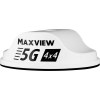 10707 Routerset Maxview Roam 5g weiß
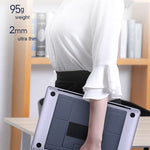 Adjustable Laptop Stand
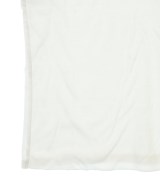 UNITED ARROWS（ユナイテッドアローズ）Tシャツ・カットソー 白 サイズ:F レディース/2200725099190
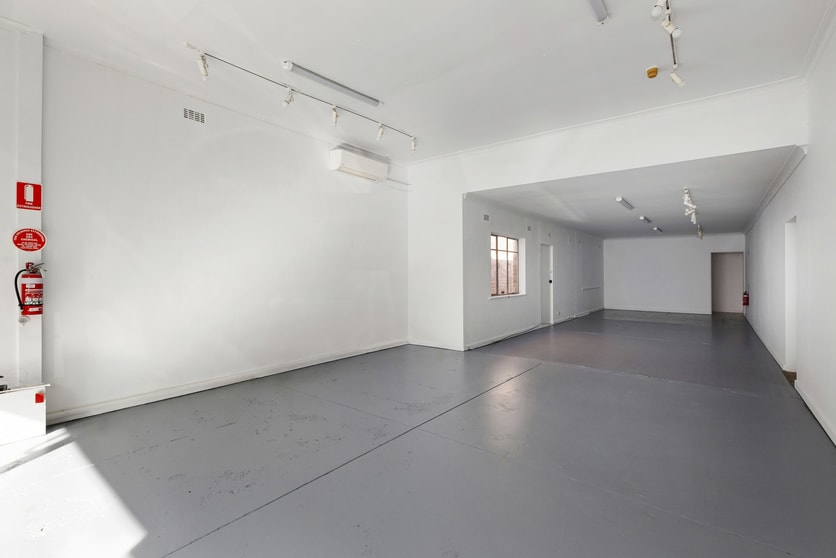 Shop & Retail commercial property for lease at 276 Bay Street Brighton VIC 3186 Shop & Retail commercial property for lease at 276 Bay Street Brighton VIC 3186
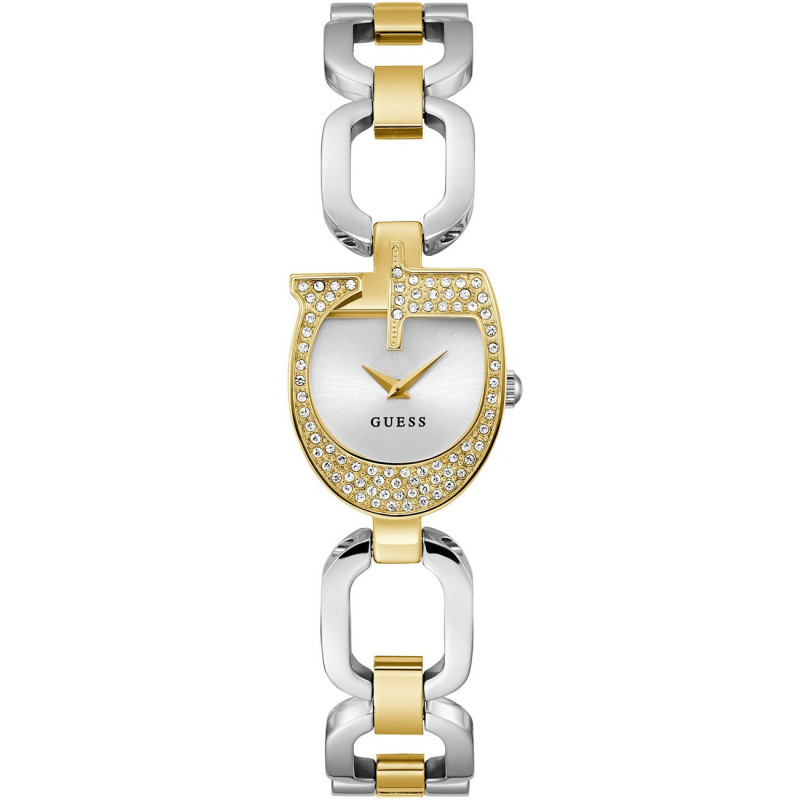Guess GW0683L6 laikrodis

◆ ◆ ◆

Task details = All of the records above should be reproduced exactly, with the pictures left out.

Answer for the task =
 10707 Routerset Maxview Roam 5g weiß
 Adjustable Laptop Stand
 UNITED ARROWS（ユナイテッドアローズ）Tシャツ・カットソー 白 サイズ:F レディース/2200725099190
 Shop & Retail commercial property for lease at 276 Bay Street Brighton VIC 3186 Shop & Retail commercial property for lease at 276 Bay Street Brighton VIC 3186
Guess GW0683L6 laikrodis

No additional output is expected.